* Exercise requirements
Aim for an exact copy of the listing, without any images.

* Recorded information
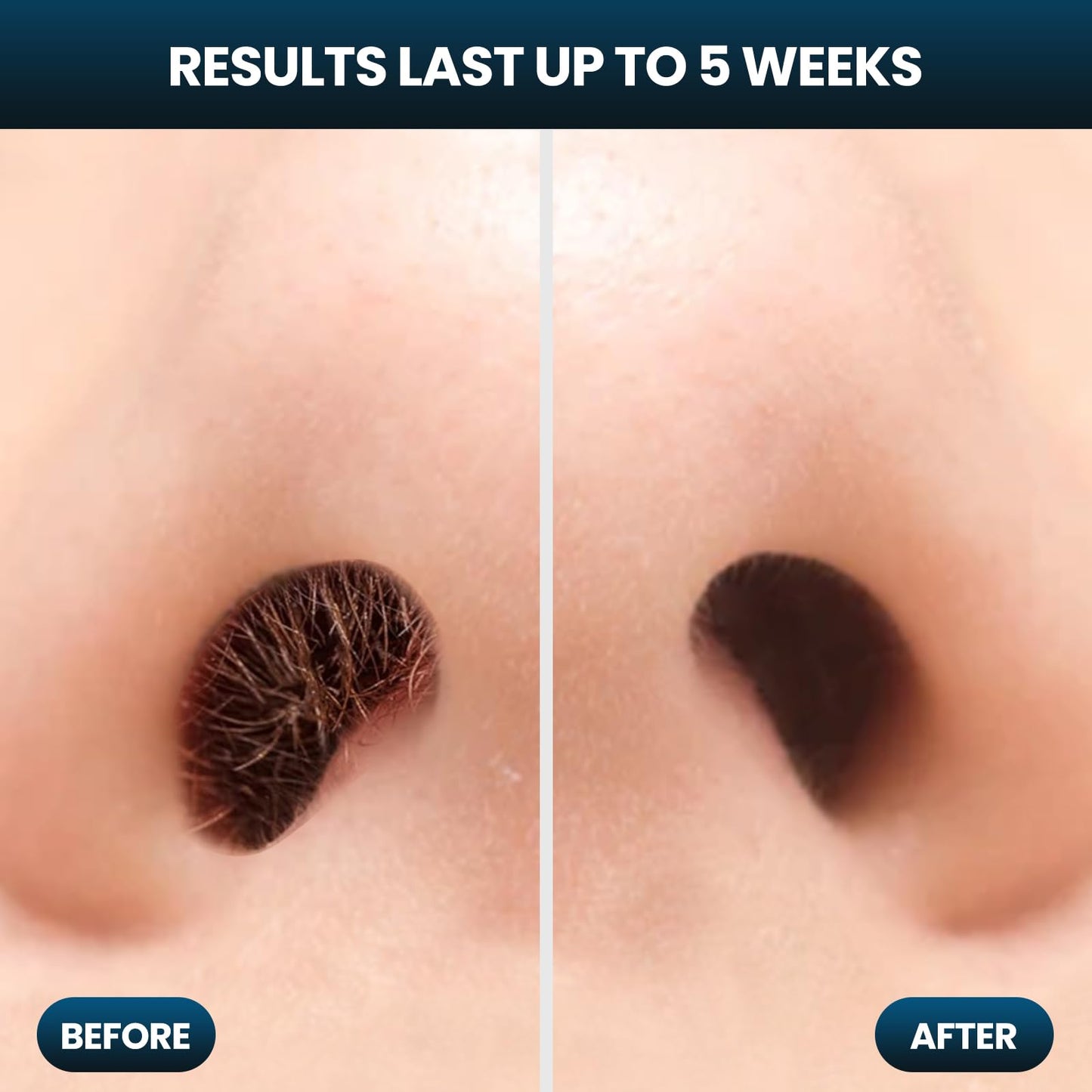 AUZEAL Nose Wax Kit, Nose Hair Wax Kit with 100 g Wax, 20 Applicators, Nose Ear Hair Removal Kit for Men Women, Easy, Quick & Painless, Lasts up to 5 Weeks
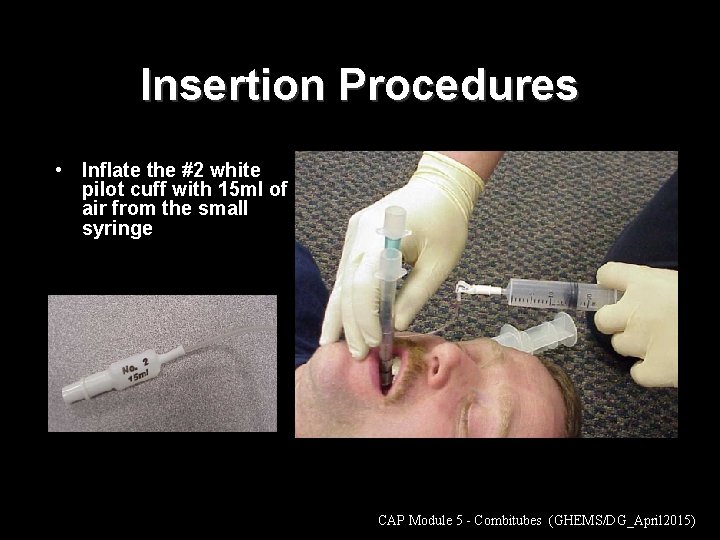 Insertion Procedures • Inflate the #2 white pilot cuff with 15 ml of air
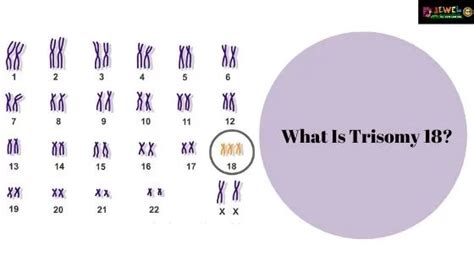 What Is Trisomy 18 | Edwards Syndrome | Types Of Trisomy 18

* Response below
 AUZEAL Nose Wax Kit, Nose Hair Wax Kit with 100 g Wax, 20 Applicators, Nose Ear Hair Removal Kit for Men Women, Easy, Quick & Painless, Lasts up to 5 Weeks
 Insertion Procedures • Inflate the #2 white pilot cuff with 15 ml of air
 What Is Trisomy 18 | Edwards Syndrome | Types Of Trisomy 18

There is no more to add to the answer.